Your goal. Reproduce word for word the lines between the one containing "We recommend choosing" and the end of the entries below, both inclusive; leave out pictures.
*** Listed entries ***
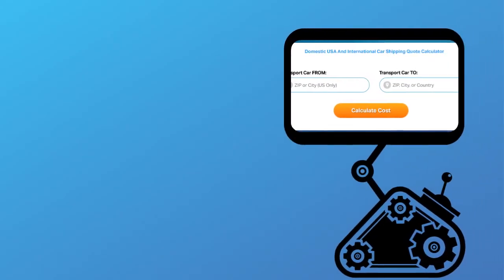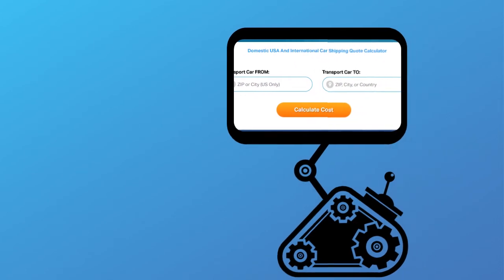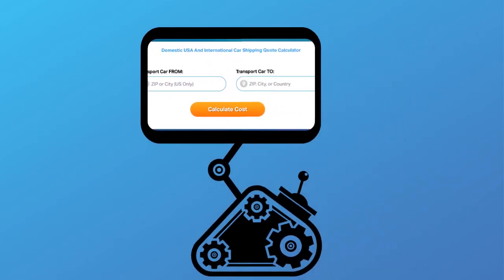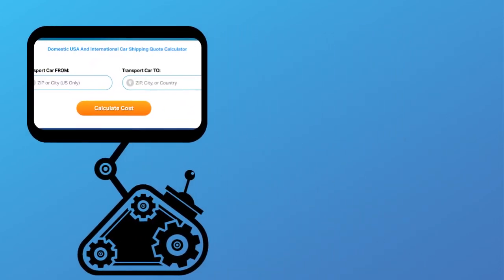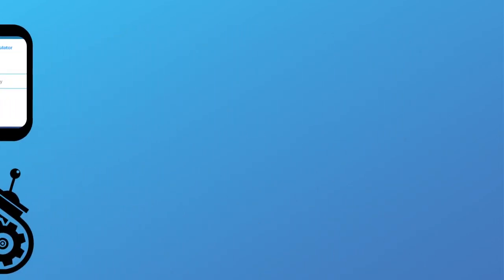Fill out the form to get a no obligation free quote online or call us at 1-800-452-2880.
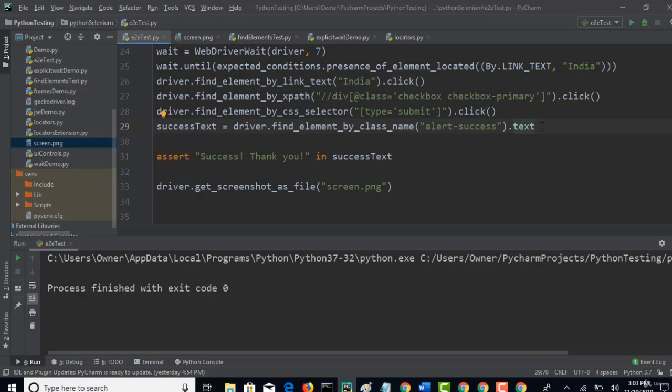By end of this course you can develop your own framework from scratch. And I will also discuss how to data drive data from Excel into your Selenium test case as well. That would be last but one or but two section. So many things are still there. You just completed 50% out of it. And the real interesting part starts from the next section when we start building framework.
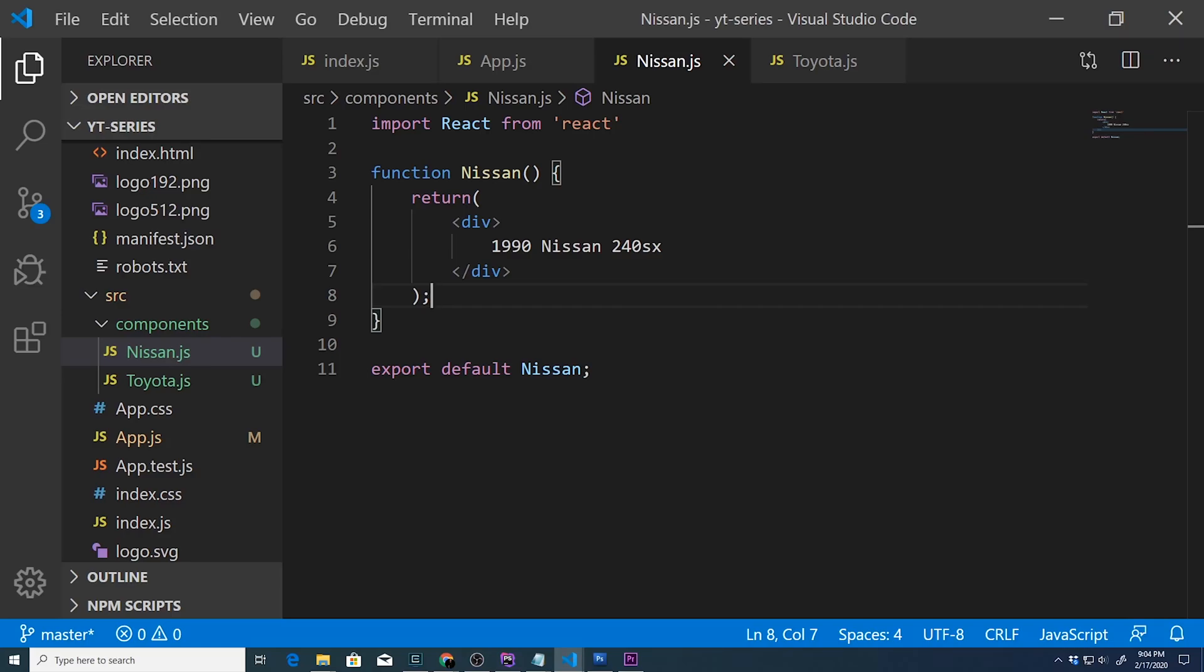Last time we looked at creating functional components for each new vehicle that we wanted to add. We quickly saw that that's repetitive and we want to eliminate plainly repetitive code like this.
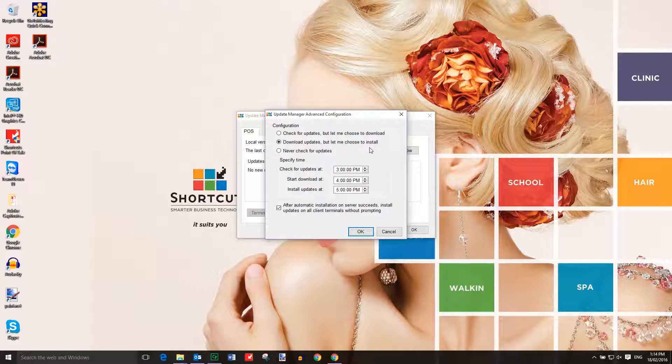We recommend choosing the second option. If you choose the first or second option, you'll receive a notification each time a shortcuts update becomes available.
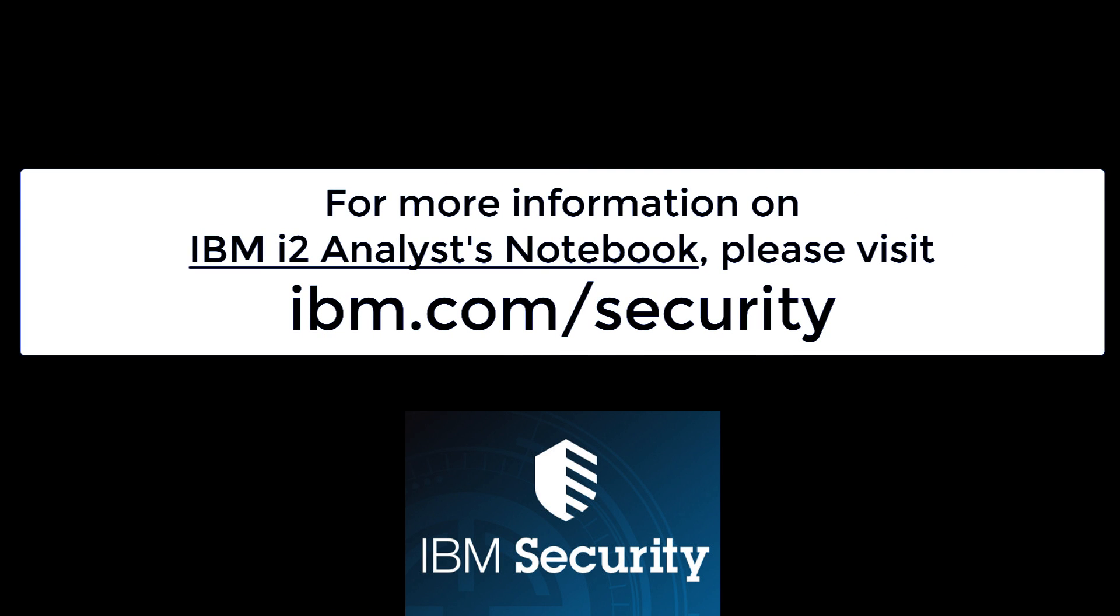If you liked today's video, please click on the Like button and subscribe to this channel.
***
Exercise solution.
We recommend choosing the second option. If you choose the first or second option, you'll receive a notification each time a shortcuts update becomes available.
If you liked today's video, please click on the Like button and subscribe to this channel.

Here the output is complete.